Our goal was that we wanted to help fix the smiles of facial cleft patients. This is because we understood that being able to smile was the true key of humanity uniting.

Everyone at the conference wanted to be part of a chain reaction in which they helped inspire change. We not only wanted to be leaders but also part of the big picture. We knew that we needed each other to help out Operation Smile because it was too big to handle alone.

At the leadership conference, we listened to influential speakers who lectured on what the makeup of a leader is. A leader is not necessarily the smartest person or a person in a high position. A true leader is a person who can truly listen to others with an open mind and tries to inspire others to help their cause.

I believe in the Scripture saying, “For as in one body we have many parts, and all the parts do not have the same function, so we, though many, are one body in Christ and individually parts of one another” (Romans 12: 4-5).

This is true because we all make up the body of Christ, and we all have different gifts and talents to contribute to society.

At this conference, we acknowledged each other’s talents, and we used them and our similar goal of wanting to fix smiles to link us together in a chain reaction.

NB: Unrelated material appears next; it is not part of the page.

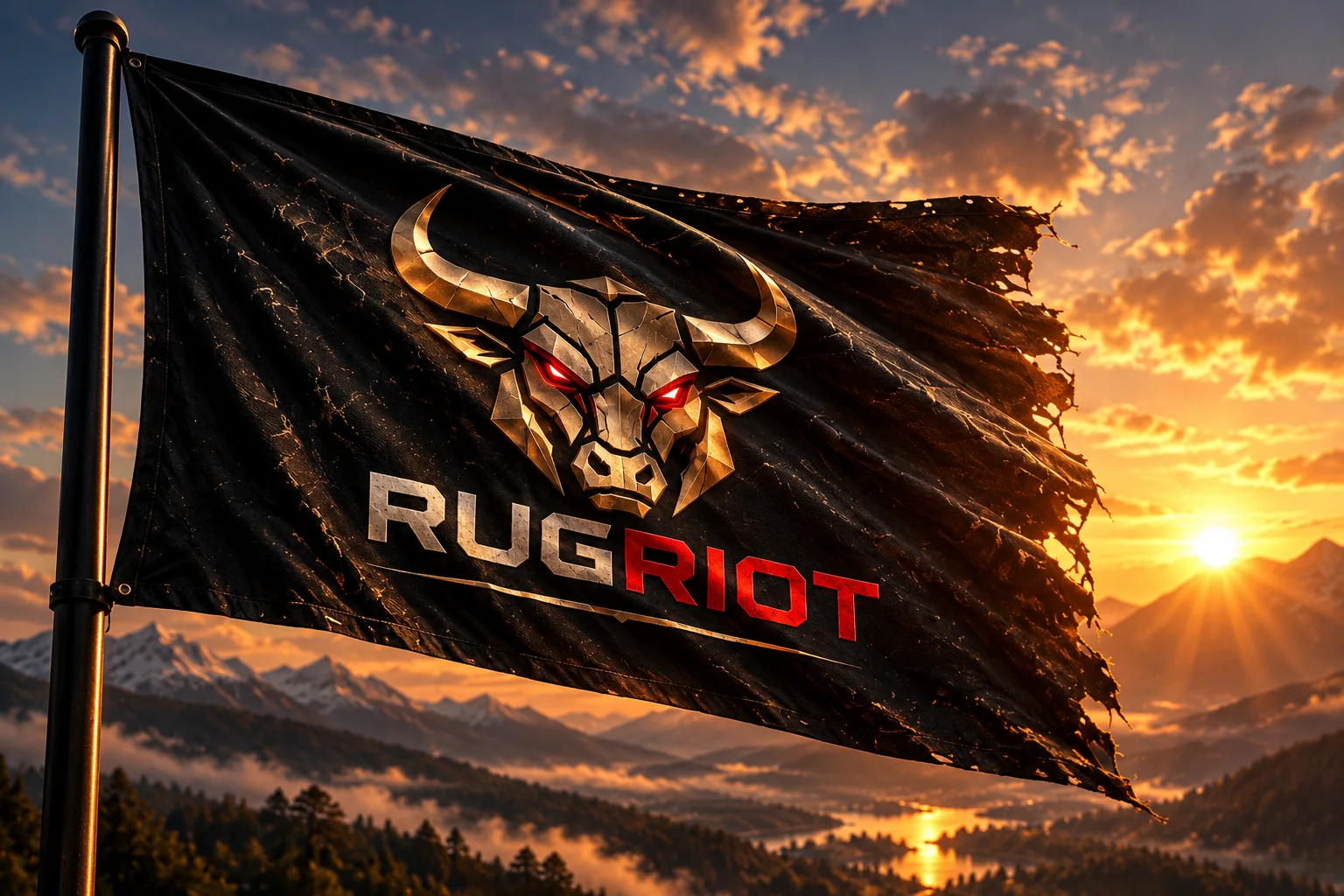 A torn RugRiot flag flying over a mountain valley at sunset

Our International Student Leadership Conference’s chain reaction continues, and our goal is to build an Operation Smile hospital in Paraguay.

I am so grateful to have been able to attend this conference because I came away with a greater appreciation for humanity, and I want to make a difference in the world.

My biggest wish is to be able to go on an Operation Smile mission to help out and see surgeries being performed.

I also wish to go on a mission to see lives changed for the better – one smile at a time.